Data to examine Start Marker
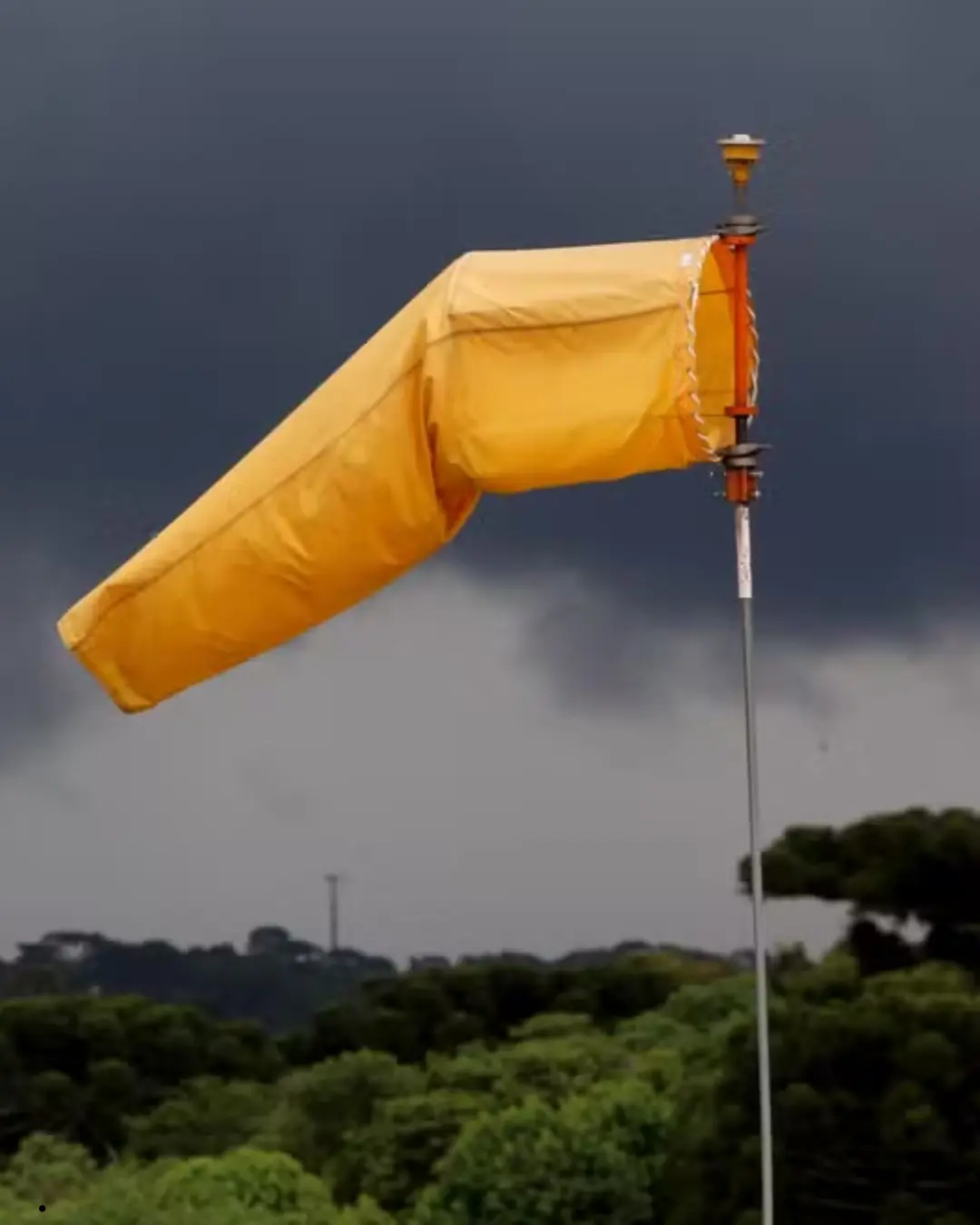 Sete municípios do Paraná estão em alerta para chuvas fortes e ventos de até 100 km/h, diz Inmet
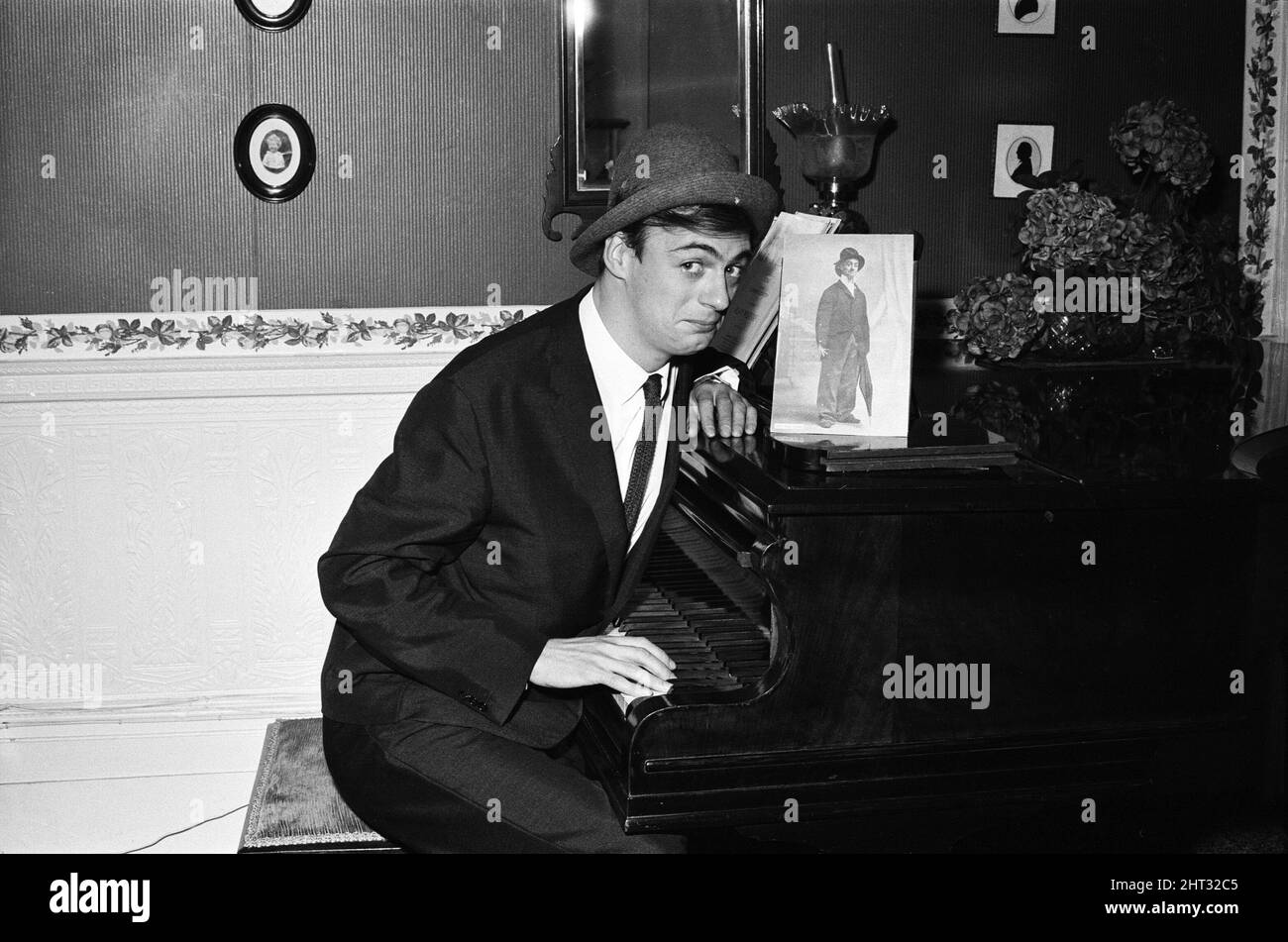 Roy Hudd, è ora protagonista della sua serie BBC dal titolo Simply 'Hudd'. Molti spettatori più anziani hanno commentato la somiglianza di Roy con un grande comico di tempi passati - Dan Leno, la cui vita ha studiato. Roy è raffigurato nella casa di Dan Leno ad Akerman Road, Brixton. 20th novembre 1965. Foto Stock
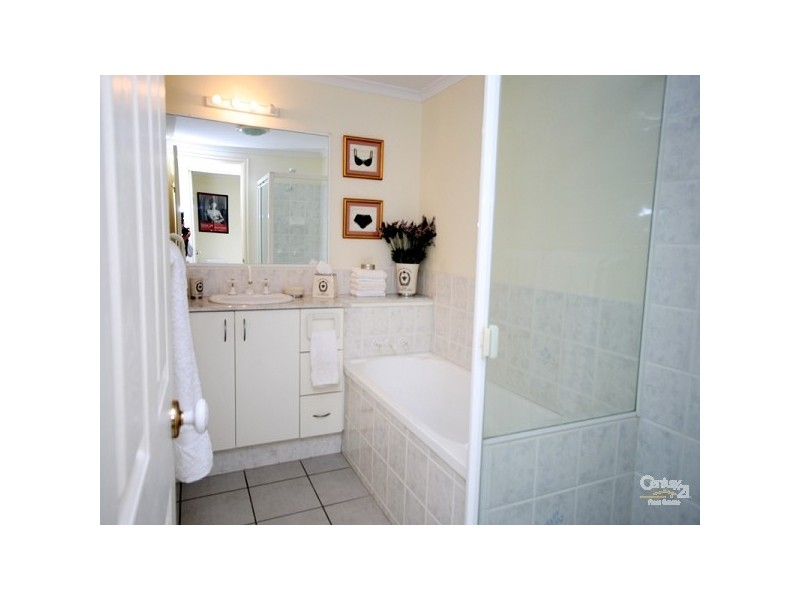 4/153 Bradman Avenue, Maroochydore QLD 4558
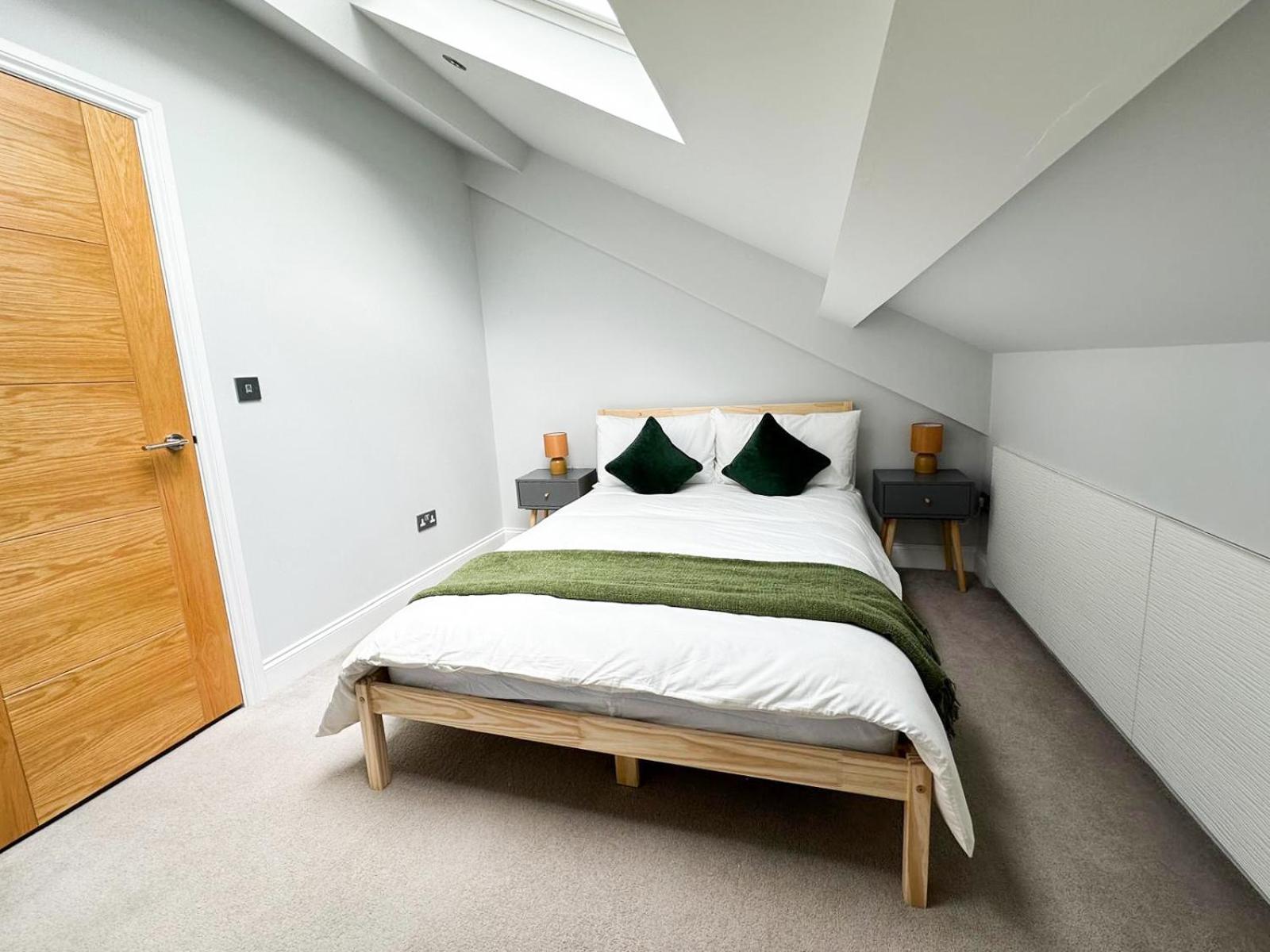 Exceptional 2 Bed Boutique Home In Mill Hill Exterior photo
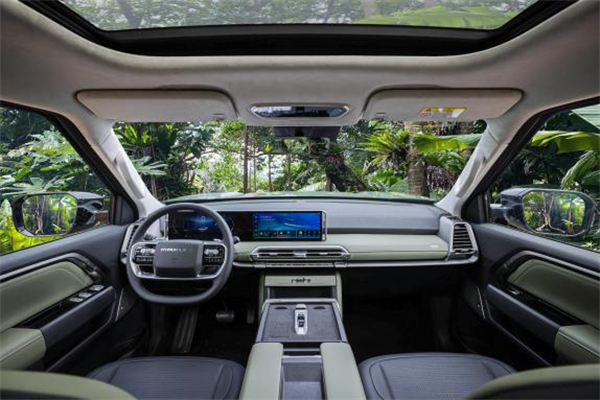 开创皮卡越野新时代！亚洲胜游大通MAXUS“满级大型越野皮卡”星际X上市，售价15.58万元起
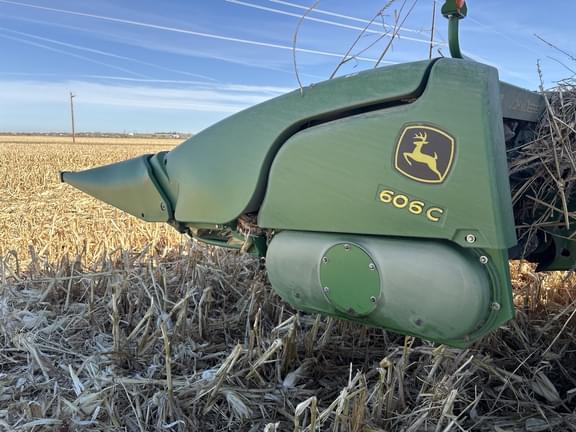 Image of John Deere 606C equipment image 4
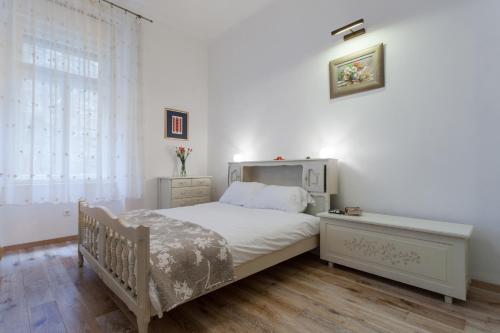 Luxury Beachfront Apartment Banje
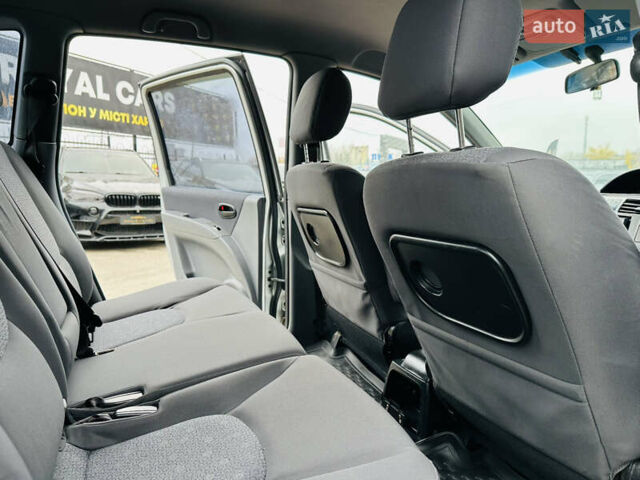 Сірий Хендай Матрікс, об'ємом двигуна 1.6 л та пробігом 220 тис. км за 4300 $, фото 17 на Automoto.ua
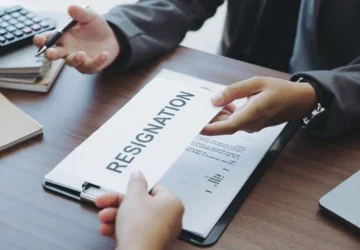 Bos Astra Otoparts (AUTO) Mundur Serentak, Apa Dampaknya ke Saham?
Data to examine End Marker
Task item: Return every entry word for word, minus the pictures.

Written response:
 Sete municípios do Paraná estão em alerta para chuvas fortes e ventos de até 100 km/h, diz Inmet
 Roy Hudd, è ora protagonista della sua serie BBC dal titolo Simply 'Hudd'. Molti spettatori più anziani hanno commentato la somiglianza di Roy con un grande comico di tempi passati - Dan Leno, la cui vita ha studiato. Roy è raffigurato nella casa di Dan Leno ad Akerman Road, Brixton. 20th novembre 1965. Foto Stock
 4/153 Bradman Avenue, Maroochydore QLD 4558
 Exceptional 2 Bed Boutique Home In Mill Hill Exterior photo
 开创皮卡越野新时代！亚洲胜游大通MAXUS“满级大型越野皮卡”星际X上市，售价15.58万元起
 Image of John Deere 606C equipment image 4
 Luxury Beachfront Apartment Banje
 Сірий Хендай Матрікс, об'ємом двигуна 1.6 л та пробігом 220 тис. км за 4300 $, фото 17 на Automoto.ua
 Bos Astra Otoparts (AUTO) Mundur Serentak, Apa Dampaknya ke Saham?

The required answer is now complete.